◆ Work item ◆
Stopping at the line that holds "prioritizing the system", repeat the lines below exactly, starting from the very first and including that final line.

[Collection entries]
########################################
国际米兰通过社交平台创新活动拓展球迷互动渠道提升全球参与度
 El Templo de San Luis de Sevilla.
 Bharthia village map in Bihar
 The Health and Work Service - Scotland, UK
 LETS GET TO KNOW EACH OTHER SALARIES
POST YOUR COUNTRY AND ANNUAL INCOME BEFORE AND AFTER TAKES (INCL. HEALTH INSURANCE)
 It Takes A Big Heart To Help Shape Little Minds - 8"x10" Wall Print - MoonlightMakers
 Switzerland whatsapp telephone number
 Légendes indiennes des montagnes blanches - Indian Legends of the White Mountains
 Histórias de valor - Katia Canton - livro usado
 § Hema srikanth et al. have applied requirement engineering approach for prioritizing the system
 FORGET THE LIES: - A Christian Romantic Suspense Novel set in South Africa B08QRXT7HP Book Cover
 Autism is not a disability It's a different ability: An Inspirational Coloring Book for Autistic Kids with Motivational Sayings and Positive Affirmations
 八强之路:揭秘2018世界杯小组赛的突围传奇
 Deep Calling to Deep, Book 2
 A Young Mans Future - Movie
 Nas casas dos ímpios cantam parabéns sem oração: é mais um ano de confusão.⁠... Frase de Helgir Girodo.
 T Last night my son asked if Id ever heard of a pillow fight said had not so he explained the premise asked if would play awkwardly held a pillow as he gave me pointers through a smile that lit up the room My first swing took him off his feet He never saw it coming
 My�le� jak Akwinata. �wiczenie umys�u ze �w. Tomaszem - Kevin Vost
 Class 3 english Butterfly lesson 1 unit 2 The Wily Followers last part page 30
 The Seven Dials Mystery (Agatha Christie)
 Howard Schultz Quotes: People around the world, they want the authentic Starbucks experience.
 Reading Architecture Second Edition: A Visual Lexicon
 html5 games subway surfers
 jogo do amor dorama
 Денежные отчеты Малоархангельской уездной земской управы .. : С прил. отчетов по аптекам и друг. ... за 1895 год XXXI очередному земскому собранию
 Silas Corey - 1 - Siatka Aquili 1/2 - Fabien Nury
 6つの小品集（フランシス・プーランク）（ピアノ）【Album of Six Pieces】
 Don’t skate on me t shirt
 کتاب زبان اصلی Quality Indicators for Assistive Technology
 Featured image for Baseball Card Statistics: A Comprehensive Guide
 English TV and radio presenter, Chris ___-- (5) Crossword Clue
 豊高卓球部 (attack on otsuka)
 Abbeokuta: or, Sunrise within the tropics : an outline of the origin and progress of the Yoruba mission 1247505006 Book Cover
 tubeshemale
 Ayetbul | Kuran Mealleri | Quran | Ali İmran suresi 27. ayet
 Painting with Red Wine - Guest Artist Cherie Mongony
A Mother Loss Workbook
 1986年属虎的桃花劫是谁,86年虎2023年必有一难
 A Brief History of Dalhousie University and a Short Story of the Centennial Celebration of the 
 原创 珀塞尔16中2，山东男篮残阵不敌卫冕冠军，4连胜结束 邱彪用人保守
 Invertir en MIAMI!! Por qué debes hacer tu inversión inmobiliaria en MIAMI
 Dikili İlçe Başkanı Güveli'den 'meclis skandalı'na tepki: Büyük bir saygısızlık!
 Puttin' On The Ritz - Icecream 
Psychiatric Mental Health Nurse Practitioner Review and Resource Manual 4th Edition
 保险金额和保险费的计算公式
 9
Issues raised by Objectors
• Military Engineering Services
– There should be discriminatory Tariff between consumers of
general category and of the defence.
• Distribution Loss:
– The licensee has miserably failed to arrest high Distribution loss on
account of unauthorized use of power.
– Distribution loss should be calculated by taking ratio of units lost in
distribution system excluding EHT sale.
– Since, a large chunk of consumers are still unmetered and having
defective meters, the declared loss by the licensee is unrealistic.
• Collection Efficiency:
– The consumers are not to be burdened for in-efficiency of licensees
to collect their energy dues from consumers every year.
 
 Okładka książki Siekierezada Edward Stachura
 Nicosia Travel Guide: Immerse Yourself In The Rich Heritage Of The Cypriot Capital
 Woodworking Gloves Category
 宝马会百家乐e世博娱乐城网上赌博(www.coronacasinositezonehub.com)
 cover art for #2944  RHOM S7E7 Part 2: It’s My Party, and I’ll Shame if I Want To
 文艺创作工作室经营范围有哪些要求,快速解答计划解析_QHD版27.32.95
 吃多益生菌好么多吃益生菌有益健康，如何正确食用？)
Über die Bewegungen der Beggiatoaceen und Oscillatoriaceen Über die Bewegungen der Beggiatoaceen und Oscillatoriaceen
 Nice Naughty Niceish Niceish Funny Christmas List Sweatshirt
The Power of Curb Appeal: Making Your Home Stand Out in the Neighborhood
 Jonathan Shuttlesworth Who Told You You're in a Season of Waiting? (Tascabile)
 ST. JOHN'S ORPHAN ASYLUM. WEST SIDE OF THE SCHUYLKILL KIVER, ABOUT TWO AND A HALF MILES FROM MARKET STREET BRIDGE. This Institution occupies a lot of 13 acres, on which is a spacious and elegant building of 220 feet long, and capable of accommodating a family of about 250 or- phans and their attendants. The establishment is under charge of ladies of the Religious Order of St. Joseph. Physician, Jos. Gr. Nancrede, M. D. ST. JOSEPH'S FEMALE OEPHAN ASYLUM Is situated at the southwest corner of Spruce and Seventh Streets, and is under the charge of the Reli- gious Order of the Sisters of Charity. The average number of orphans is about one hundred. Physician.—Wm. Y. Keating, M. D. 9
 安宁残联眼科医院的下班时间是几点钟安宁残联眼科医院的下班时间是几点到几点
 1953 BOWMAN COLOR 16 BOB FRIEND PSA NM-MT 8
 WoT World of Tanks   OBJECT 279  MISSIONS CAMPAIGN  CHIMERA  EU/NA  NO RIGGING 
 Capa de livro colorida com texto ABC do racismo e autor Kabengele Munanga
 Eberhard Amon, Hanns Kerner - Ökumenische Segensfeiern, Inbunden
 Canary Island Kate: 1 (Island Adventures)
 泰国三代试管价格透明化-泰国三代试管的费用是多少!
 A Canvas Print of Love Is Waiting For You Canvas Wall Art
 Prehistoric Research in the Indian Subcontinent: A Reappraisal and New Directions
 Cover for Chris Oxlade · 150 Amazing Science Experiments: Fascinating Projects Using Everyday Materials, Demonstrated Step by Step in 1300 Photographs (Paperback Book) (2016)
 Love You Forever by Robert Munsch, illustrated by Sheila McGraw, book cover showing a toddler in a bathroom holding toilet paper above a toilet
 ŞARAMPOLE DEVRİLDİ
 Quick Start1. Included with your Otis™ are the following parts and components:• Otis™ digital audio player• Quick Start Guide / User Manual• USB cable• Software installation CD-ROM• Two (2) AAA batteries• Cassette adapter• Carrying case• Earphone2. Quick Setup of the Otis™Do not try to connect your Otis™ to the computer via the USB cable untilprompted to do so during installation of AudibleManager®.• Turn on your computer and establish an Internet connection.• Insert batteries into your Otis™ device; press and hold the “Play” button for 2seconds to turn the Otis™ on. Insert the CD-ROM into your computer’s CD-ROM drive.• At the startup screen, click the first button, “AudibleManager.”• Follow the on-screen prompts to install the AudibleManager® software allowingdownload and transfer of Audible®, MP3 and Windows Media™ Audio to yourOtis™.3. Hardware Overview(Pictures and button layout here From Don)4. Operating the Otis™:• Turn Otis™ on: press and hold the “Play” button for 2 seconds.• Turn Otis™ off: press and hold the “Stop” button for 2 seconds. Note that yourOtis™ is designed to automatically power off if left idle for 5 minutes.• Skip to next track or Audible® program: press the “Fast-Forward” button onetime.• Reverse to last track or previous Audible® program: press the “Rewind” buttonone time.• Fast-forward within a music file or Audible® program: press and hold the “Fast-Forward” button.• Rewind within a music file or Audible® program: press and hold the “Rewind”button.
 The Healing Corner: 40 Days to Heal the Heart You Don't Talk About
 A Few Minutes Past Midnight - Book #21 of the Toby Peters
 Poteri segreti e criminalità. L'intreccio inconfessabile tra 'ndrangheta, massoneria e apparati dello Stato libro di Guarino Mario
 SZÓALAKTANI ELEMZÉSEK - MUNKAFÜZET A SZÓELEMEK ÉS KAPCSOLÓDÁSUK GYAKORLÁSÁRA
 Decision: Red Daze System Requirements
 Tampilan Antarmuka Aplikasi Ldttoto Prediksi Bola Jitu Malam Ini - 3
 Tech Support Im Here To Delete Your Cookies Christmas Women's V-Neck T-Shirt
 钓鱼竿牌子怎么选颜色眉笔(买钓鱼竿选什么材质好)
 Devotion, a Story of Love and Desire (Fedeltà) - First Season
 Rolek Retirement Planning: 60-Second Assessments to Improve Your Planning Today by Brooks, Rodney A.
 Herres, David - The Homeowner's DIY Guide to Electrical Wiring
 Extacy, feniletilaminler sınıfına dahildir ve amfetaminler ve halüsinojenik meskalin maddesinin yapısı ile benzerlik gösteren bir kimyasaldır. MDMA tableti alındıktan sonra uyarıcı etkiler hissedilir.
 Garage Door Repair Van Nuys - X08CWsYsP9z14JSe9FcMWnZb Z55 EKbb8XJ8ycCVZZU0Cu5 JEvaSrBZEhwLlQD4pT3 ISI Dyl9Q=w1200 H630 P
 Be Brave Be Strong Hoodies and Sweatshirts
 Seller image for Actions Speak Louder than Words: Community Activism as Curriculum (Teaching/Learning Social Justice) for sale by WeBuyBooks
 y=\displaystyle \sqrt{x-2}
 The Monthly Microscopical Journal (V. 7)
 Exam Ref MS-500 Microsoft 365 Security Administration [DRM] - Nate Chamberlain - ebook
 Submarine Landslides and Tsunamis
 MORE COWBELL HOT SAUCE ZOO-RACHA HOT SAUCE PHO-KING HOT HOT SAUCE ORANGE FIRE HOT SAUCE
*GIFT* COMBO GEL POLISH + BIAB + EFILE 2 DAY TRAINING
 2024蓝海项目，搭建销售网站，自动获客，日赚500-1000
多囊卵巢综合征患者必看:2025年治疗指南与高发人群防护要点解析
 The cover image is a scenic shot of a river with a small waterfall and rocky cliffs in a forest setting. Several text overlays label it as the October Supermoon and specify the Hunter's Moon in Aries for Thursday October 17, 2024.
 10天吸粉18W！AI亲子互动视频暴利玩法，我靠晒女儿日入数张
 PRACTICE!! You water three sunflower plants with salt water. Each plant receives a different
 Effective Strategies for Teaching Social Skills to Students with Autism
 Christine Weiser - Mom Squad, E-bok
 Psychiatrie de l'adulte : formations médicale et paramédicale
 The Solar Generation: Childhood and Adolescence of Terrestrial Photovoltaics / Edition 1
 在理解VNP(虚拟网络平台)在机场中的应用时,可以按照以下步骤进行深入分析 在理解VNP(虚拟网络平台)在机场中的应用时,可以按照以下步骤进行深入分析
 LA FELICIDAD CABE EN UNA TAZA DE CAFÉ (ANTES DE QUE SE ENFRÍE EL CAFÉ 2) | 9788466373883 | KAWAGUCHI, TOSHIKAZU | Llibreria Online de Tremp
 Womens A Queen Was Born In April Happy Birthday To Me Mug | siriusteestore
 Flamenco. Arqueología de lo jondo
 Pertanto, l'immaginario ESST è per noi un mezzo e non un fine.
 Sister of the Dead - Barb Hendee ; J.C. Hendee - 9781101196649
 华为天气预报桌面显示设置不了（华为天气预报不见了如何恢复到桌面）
########################################
◆ Result of the exercise ◆
国际米兰通过社交平台创新活动拓展球迷互动渠道提升全球参与度
 El Templo de San Luis de Sevilla.
 Bharthia village map in Bihar
 The Health and Work Service - Scotland, UK
 LETS GET TO KNOW EACH OTHER SALARIES
POST YOUR COUNTRY AND ANNUAL INCOME BEFORE AND AFTER TAKES (INCL. HEALTH INSURANCE)
 It Takes A Big Heart To Help Shape Little Minds - 8"x10" Wall Print - MoonlightMakers
 Switzerland whatsapp telephone number
 Légendes indiennes des montagnes blanches - Indian Legends of the White Mountains
 Histórias de valor - Katia Canton - livro usado
 § Hema srikanth et al. have applied requirement engineering approach for prioritizing the system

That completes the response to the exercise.